# EXCERPTED RECORDS:
* * * * *

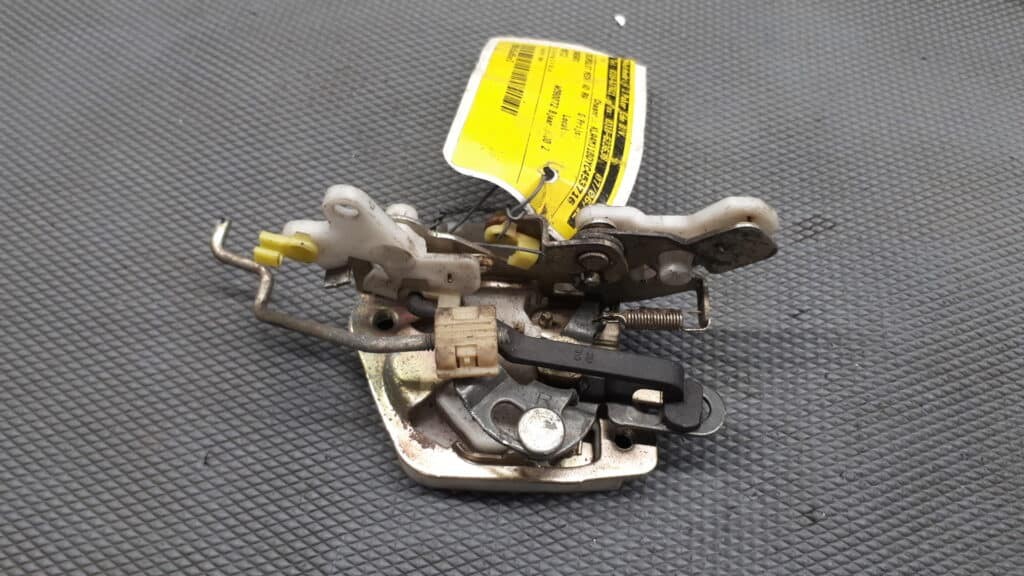Zamek drzwi prawy tyl daewoo matiz 98r
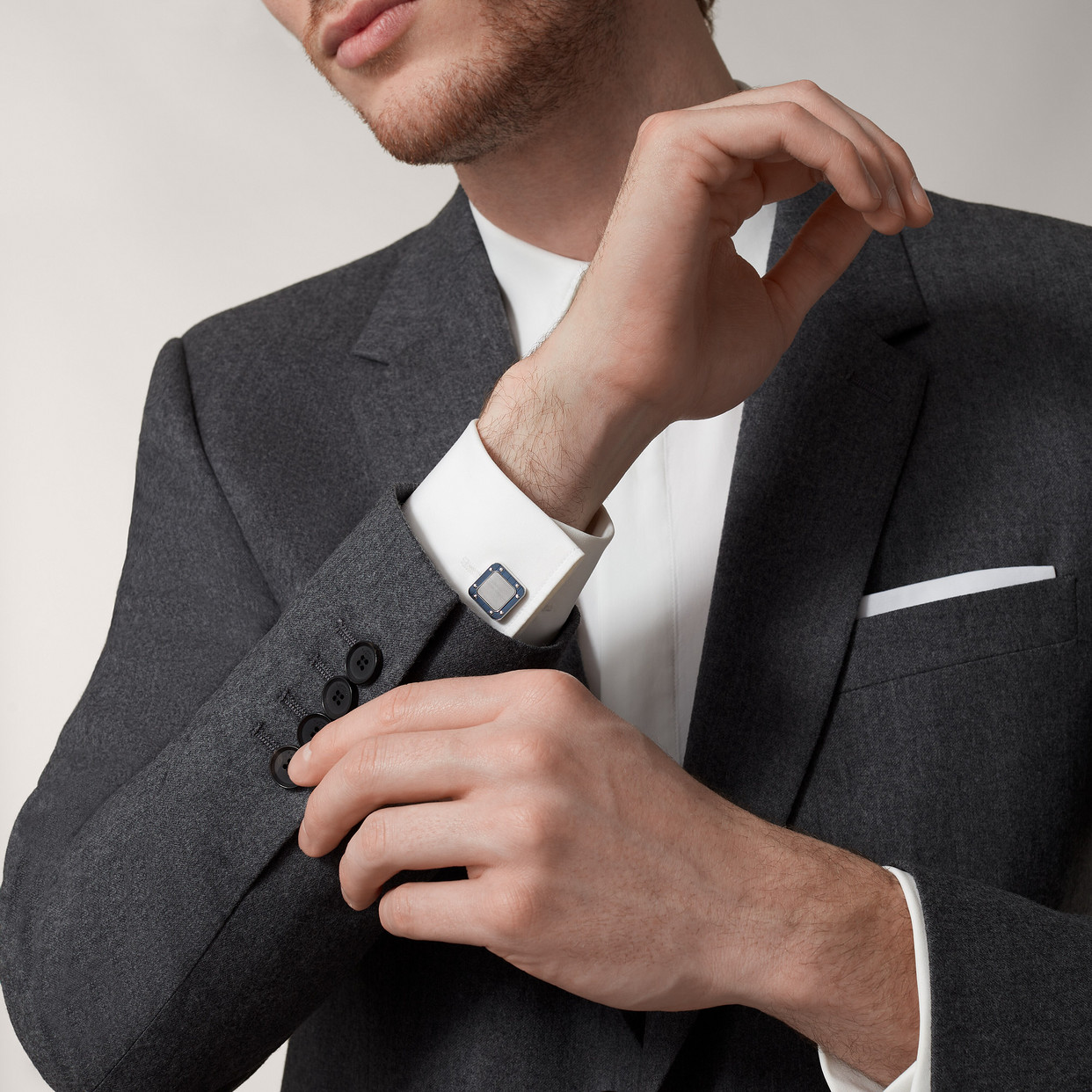 Запонки Cartier Boutons de manchettes Santos de Cartier, цельное серебро с палладиевой отделкой и ребристым металлом
Запонки Cartier Boutons de manchettes Santos de Cartier, цельное серебро с палладиевой отделкой и ребристым металлом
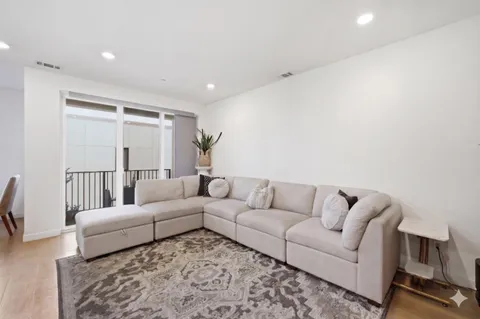 493 Cambridge Street, San Francisco, CA 94134 - #: ML82042870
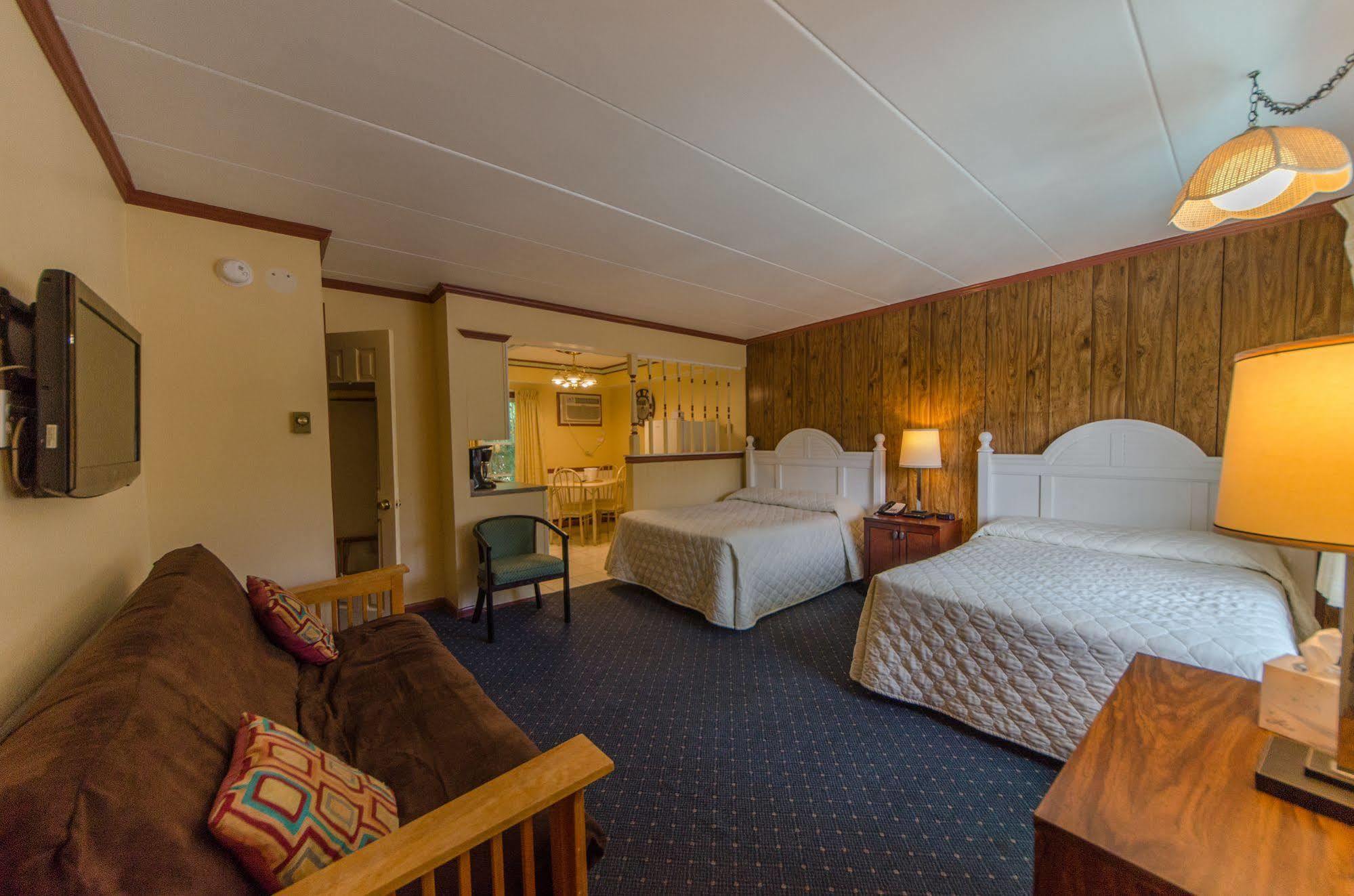 Hyland Motor Inn Кейп-Мэй-Корт-Хаус Экстерьер фото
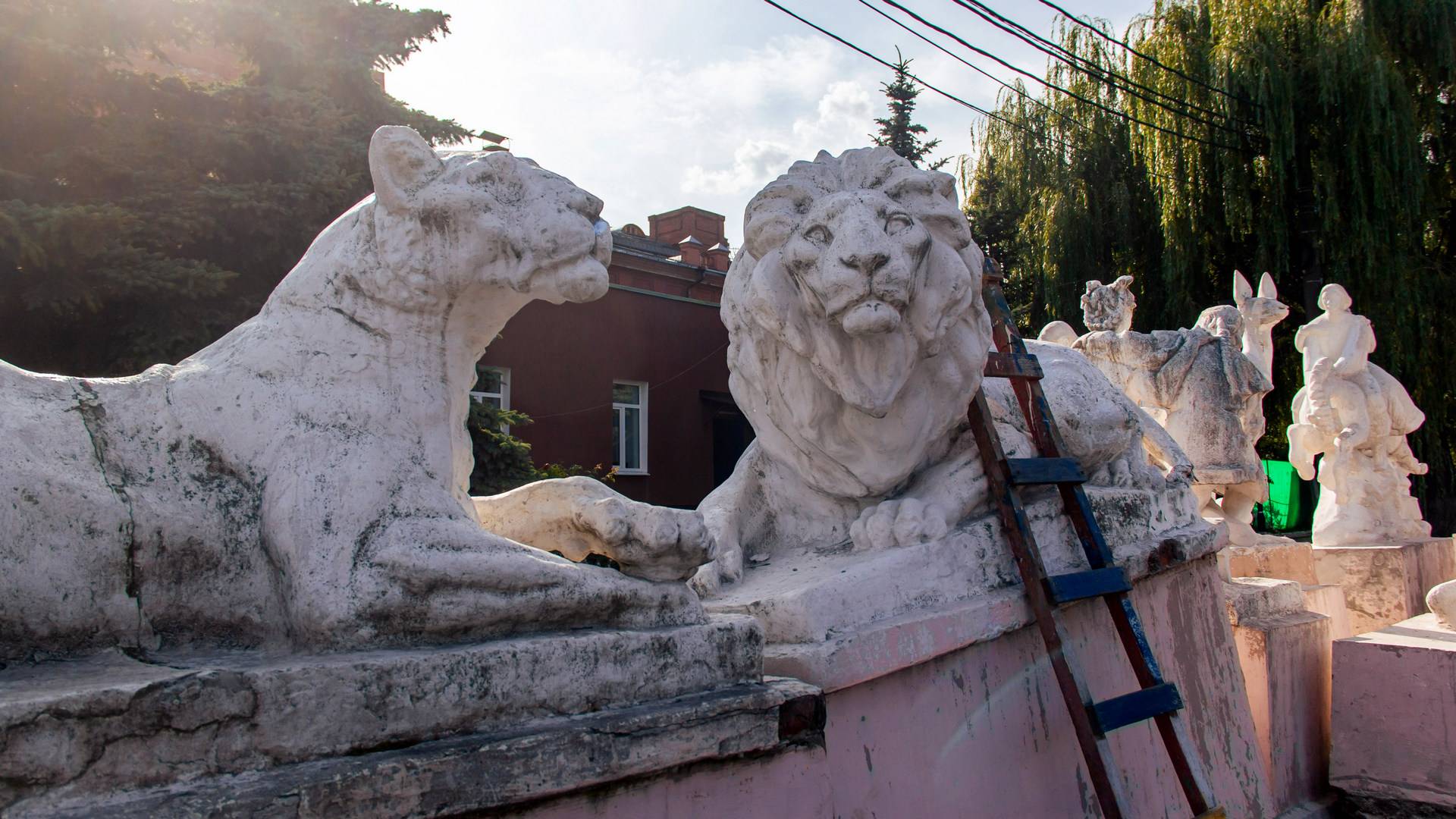 Реставрация скульптур в парке Пионеров. Курск. смотреть онлайн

* * * * *

# EXERCISE DETAILS:
No pictures should appear in the copy. Print exactly the lines above from the line containing "493 Cambridge Street, San" through the last line of the data.

# RESULT OF THE TASK:
 493 Cambridge Street, San Francisco, CA 94134 - #: ML82042870
 Hyland Motor Inn Кейп-Мэй-Корт-Хаус Экстерьер фото
 Реставрация скульптур в парке Пионеров. Курск. смотреть онлайн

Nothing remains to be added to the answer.